Library in the Forest Research Lab, growing from Kaziranga Forest and Wildlife Reserve in Assam, is invested in understanding the protocols of forest as a one-world philosophy, and in further developing them in accordance with the needs of our Age of Confusion. We now invite researchers, artists, and thinkers to take residency within this living archive.
Our lab operates on a simple premise: the forest thinks. Not as metaphor, but as a dense, distributed network of feedback loops, signaling systems, symbiotic codes, and adaptive algorithms – cybernetic protocols that have evolved over millennia. To learn them is not to extract data, but to enter into relation. To dwell within their logic is to encounter a philosophy that refuses the nature-culture split, offering instead a one-world framework where knowledge is always situated, embodied, and co-authored by more-than-human intelligences.
We ask how communities – indigenous, settler, migrant, forest-dwelling – co-produce the forest as a lived space, not merely a biophysical site. How do territorialities, mobilities, and contested land-use histories shape the cybernetic protocols we seek to learn? To read them is to read patterns of displacement, conservation violence, livelihood thresholds, and kinship economies. The residency thus treats Kaziranga as a relational landscape: a palimpsest of ecological and social strata, where human and non-human actors constantly redraw boundaries.
Kaziranga exists between land and water: the Brahmaputra’s shifting channels, seasonal floods that redraw trails, wetlands that breathe with the monsoon. How do settlements, paths, and practices adapt to periodic submersion? What forms of dwelling emerge when ground is never guaranteed? The forest’s signals are inherently amphibious: feedback loops pulse with rising and receding waters, and survival depends on reading the interval between dry and submerged. Residents are invited to study this watery logic as a model for living in an age of rising seas and erratic extremes.
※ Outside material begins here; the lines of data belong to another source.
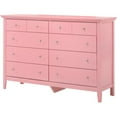 thumbnail image 2 of Home Square 3-Piece Set with Dresser TV Stand and 3-Drawer Nightstand in Pink, 2 of 16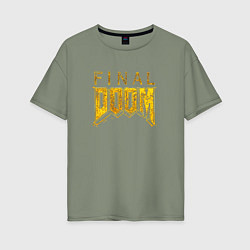 Женская футболка оверсайз Doom final gold logo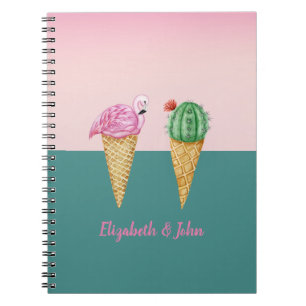 Cuaderno Conos de helado coloridos Cactus Flamingos rosas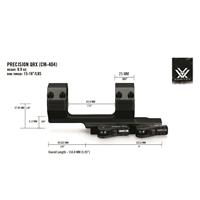 This mount positions the center of the riflescope tube 1.45in from the top surface of the Picatinny base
Carbon, nitrogen, water, silt, seed, bone, plastic, pesticide: the forest ingests, transforms, and excretes. A metabolic lens asks: What enters the forest? What leaves? What accumulates? Who or what serves as processor, filter, sink, or leak? Residency research may trace nutrient cycles across root-fungal networks, or follow how waste from upstream towns settles in elephant corridors. Metabolism also means attention to labor: the work of decomposition, pollination, seed dispersal, and the often-unseen bodily toil of human communities who harvest, graze, or guard. To understand the forest’s cybernetics is to understand its digestion of the world.
Climatic unraveling, epistemic collapse, fragmented temporalities – demands we think across these registers. The forest does not separate geography from hydrology from chemistry. Neither will we.
The residency offers space for deep immersion: living alongside Kaziranga’s grasslands, wetlands, and woodlands; engaging with field ecologists, forest guards, community practitioners, and human geographers; mapping seasonal metabolisms; and contributing to the lab’s evolving toolkit – whether through artistic practice, philosophical inquiry, ethnographic fieldwork, or speculative design. In return, residents help refine the Library’s core question: How do we learn from a place, not just about it, when learning must account for power, water, and flow?
To reside in the Library in the Forest is to accept that you will be taught by wind, root, elephant trace, fungal signal – and also by flood lines, property boundaries, silt loads, and the slow digestion of rot. It is to practice humility before complex systems that are at once ecological, political, hydraulic, and metabolic. It is to join a slow, urgent, joyful investigation into what pedagogy becomes when the forest is both classroom and curriculum – and when the curriculum includes geography, amphibious life, and the endless work of material transformation.